Singapore’s answer, over 60 AI Centres of Excellence from firms including Alibaba Cloud, IBM, NVIDIA, and Oracle, plus government-backed investment vehicles like SGInnovate, which has invested in over 100 business-to-business AI companies across industries from marketing to healthcare, is a genuinely substantial infrastructure.
But it is also, by construction, a solution that concentrates benefit in one city-state of roughly six million people. If Jakarta, Manila, or Ho Chi Minh City are where the talent crunch actually bites hardest, “fly your AI team to Singapore” is a workaround for multinationals headquartered there, not a fix for the structural skills gap across a region of nearly 700 million people.
Trust, Governance, and the Limits of a City-State Model
The trust dimension is perhaps the most honest part of the original report, and the one that deserves the most scrutiny against the wider data. Forty-one per cent of companies said they had experienced negative consequences from AI inaccuracy, a figure that should be sobering for any executive currently being told that AI adoption is a race they’re losing if they’re not “scaling” fast enough. And the appetite for AI use isn’t slowing down to match. Generative AI is projected to grow at a 27.6% CAGR in Asia from 2026 to 2034, with 63% of Southeast Asian companies already using it for text-based tasks and 71% of enterprises leveraging it across business functions.

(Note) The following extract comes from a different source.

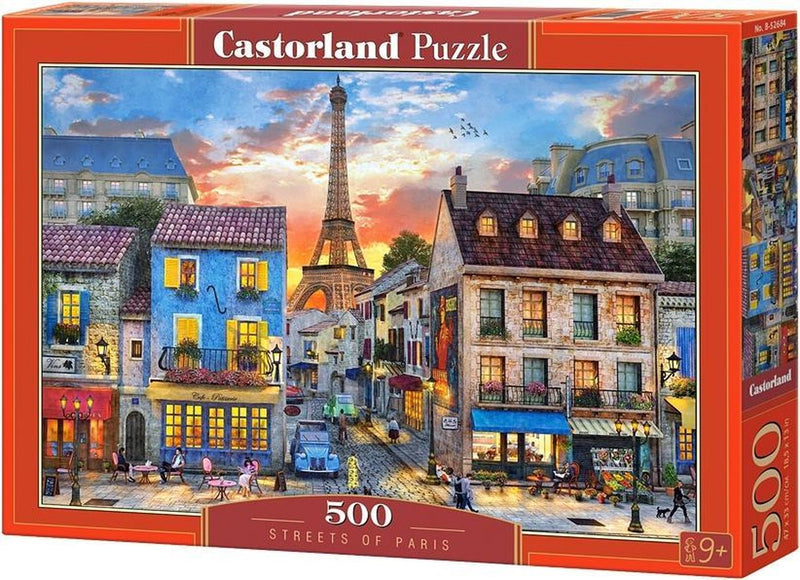 Load image into Gallery viewer, Castorland streets of paris – puzzel – 500 stukjes – satijnen afwerking – perfecte pasvorm – europese kwaliteit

Layer that onto a workforce where, by some measures, 78% of Asian workers are now using AI at least weekly, surpassing the global average of 72%, and you get a picture of extremely rapid, bottom-up adoption running well ahead of the governance, data-quality, and ROI-measurement capabilities that the same reports say are still immature. Singapore’s governance tools, AI Verify, Project Moonshot, and the Model AI Governance Framework, are genuinely among the more thoughtful regulatory responses to generative AI anywhere in the world, and the original report’s framing of governance as an enabler of confident deployment rather than a brake on it is a fair point worth taking seriously. But governance frameworks built primarily in and for one jurisdiction don’t automatically travel across six countries with very different regulatory capacities, data protection regimes, and digital infrastructure.
None of this is an argument against AI adoption, and it’s certainly not an argument against Singapore’s role as a regional hub. The talent pipelines, cloud infrastructure, and governance frameworks described in the EDB report are real assets, and companies setting up in Asia would be foolish to ignore them.
But the headline figure deserves more scepticism than it’s likely to get, especially once set against the broader data: a region that leads on one definition of adoption, while two-thirds of corporate leaders admit their teams aren’t AI-ready, three-quarters cite data quality as a barrier, and nearly half of companies using AI report being burned by its inaccuracy, isn’t necessarily “ahead.” It might just be further along a path whose institutional foundations, talent, governance, and honest measurement of value are still being poured in real time, often after the building has already gone up around them.
The honest takeaway isn’t “Southeast Asia is winning the AI race.” It’s that Southeast Asia, like much of the world, is moving fast on adoption, while the infrastructure that determines whether that speed translates into value, skilled people, trustworthy data, credible ROI metrics, and governance that works across borders rather than within a single city-state, lags well behind. Singapore’s strength may not be that it has solved these problems, but that it has been more deliberate than most about building scaffolding while construction continues. Whether the rest of the region, and the rest of the world, can close that gap before the cost of AI errors and wasted investment starts to outweigh the benefits of speed is the question this report raises, but, for all its data, doesn’t quite answer.